Why Non-Governmental Organizations (NGOs) matter in AP World

NGOs sit in Topic 9.1, Advances in Technology and Exchange after 1900, and support learning objective AP World 9.1.A, which asks you to explain how new technologies changed the world from 1900 to the present. The essential knowledge here is that new modes of communication and transportation "reduced the problem of geographic distance." NGOs are a perfect piece of evidence for that claim. A famine in one country can trigger fundraising, supply shipments, and media campaigns from organizations headquartered thousands of miles away, something basically impossible before modern communication and shipping. NGOs also connect to the Governance theme, because they raise a big question the exam loves: who holds power and provides services in a globalized world when it isn't the state?

How Non-Governmental Organizations (NGOs) connect across the course

International Organizations (Unit 9)

These are the most commonly confused pair. International organizations like the UN are made of member governments, while NGOs are made of private citizens. Both reflect post-1900 global cooperation, but they answer to completely different bosses.

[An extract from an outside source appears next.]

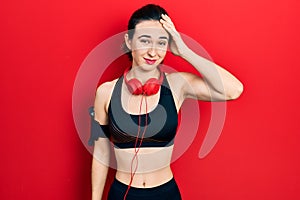 Young hispanic girl wearing gym clothes and using headphones confuse and wonder about question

Communication Technology (Unit 9)

NGOs are a direct effect of the tech in Topic 9.1. The internet and cellular communication let a small organization recruit donors, coordinate relief workers, and publicize abuses worldwide, which is why NGO activity scaled up so dramatically after 1900.

Civil Society (Unit 9)

NGOs are the most visible piece of civil society, the space where citizens organize outside of both government and business. When you see 'civil society' in a question, NGOs are usually the concrete example to reach for.

Arab Spring (Unit 9)

The Arab Spring shows the same mechanism from a different angle. Just as communication tech let NGOs coordinate aid globally, social media let ordinary people coordinate protests across the Middle East in 2010-2011. Both are evidence that new technology shifted power toward non-state actors.

Are Non-Governmental Organizations (NGOs) on the AP World exam?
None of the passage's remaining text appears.